Photos Part Three: Installation (Twice!)
I installed the Z77-ITX WiFi board in two different cases, one is the rather tiny Antec ISK110 VESA and the other is my Thermaltake Armor Revo full tower. The Revo setup was used for the intensive testing and overclocking, while the Antec case was used to see if it would fit well and work well. I didn’t do any overclocking in the Antec case as the internal PSU is rated at 80w and the 3570k CPU I used is rated at 77w all by itself, the other bits in the system push the load over the limit even stock. I did spend some time working with the system in that case for the case’s review. Here’s how it looks:
It’s pretty cramped in there, but the end result is a very small computer with the power of a full on desktop. The CPU power adaptor included by Zotac made this possible, without it I’d have been out of luck.
Here we have a rear view (upside down…). Pushing the clear cmos button is going to require a pen or something similar. The Antenna ports in the rear plate had covers on them from the factory, that took some twisting and pulling to free up.
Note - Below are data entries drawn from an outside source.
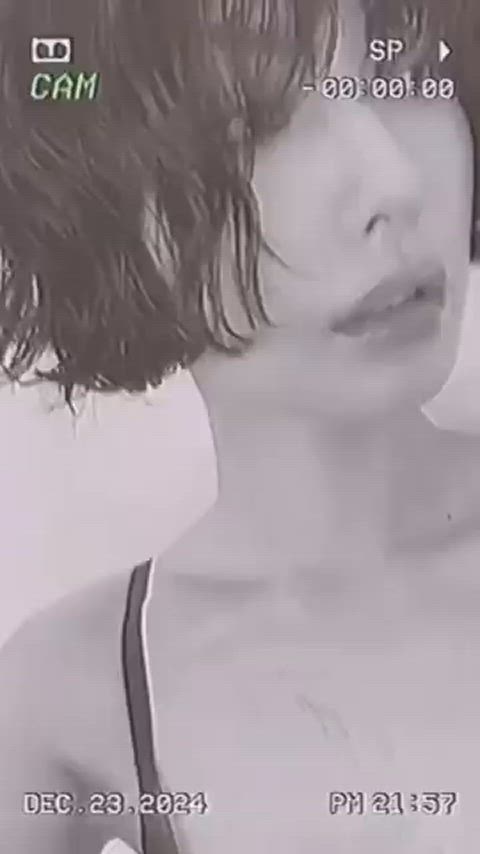 asian celebrity underwear clip
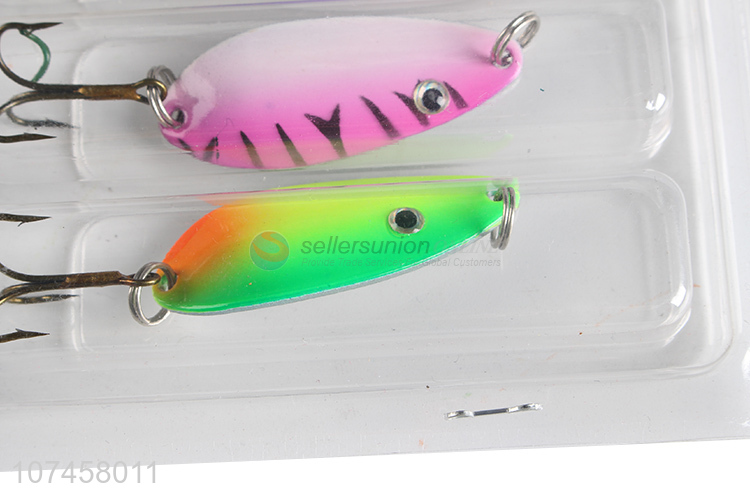 Good market fishing gear bass bait fishing lures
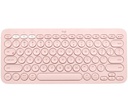 Logitech Clavier Bluetooth multi-appareils K380 (920-009599)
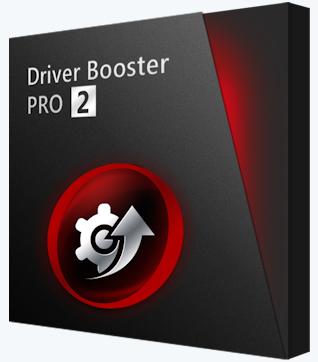 IObit Driver Booster PRO 2.4.0.19 Final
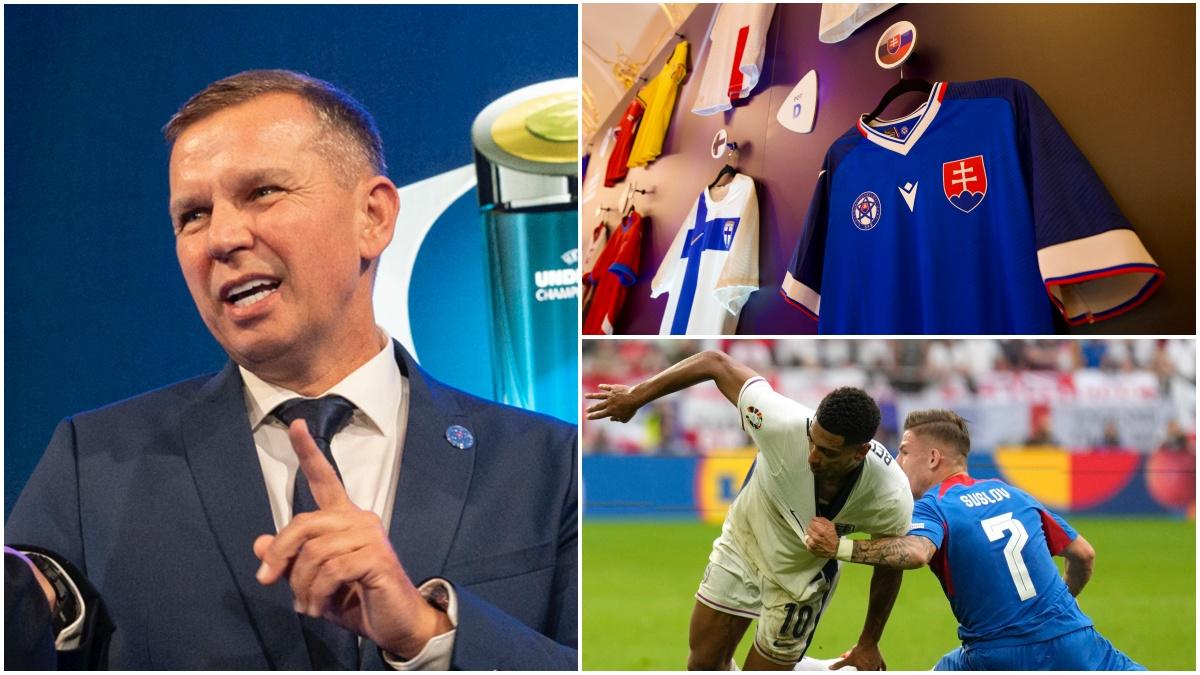 EURO 2025 U 21 – ヤロスラフ・ケントス 抽選について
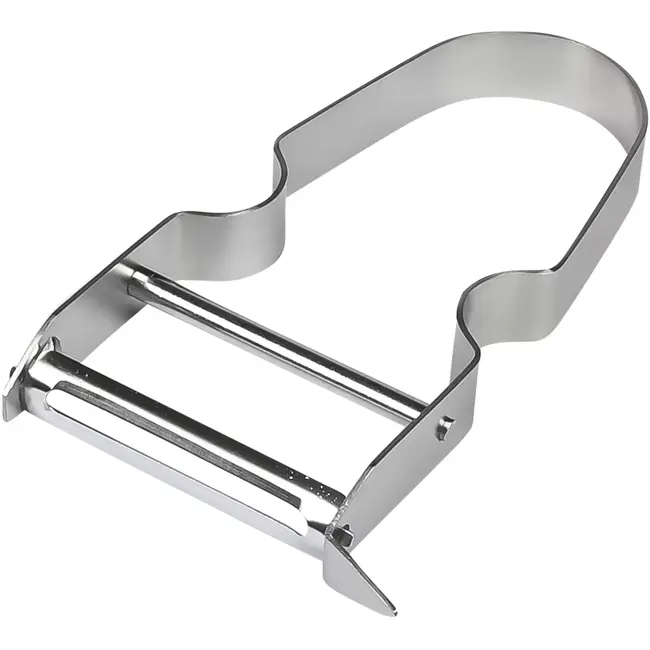 Benson Dunschiller - 11 cm - 6,5 cm - roestvrijstaal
The second Ethernet port was covered as well, a quick bend took care of that.
The board has a red LED and two green LEDs, one of the greens is for disk activity, the other green and the red are lit at all times.
Sitting next to the Armor Revo and bathed in the blue LED light from it the Z77-ITX and ISK110 VESA look even better:
In a larger case it looks a bit silly
And yes, you really can put serious GPUs in this thing…
This board is ideal for mITX cases built for LANparties and such, pair a modern CPU with a cooler that fits (none of mine do) with this board and a high end GPU and you have a lot of power in a small package.
My lack of a CPU cooler that fit was an issue for overclocking, but we’ll get to that in the next page.
Lastly here we have it with a mSATA disk installed. All you need at this point is power and you have an entire computer. A really, really compact computer.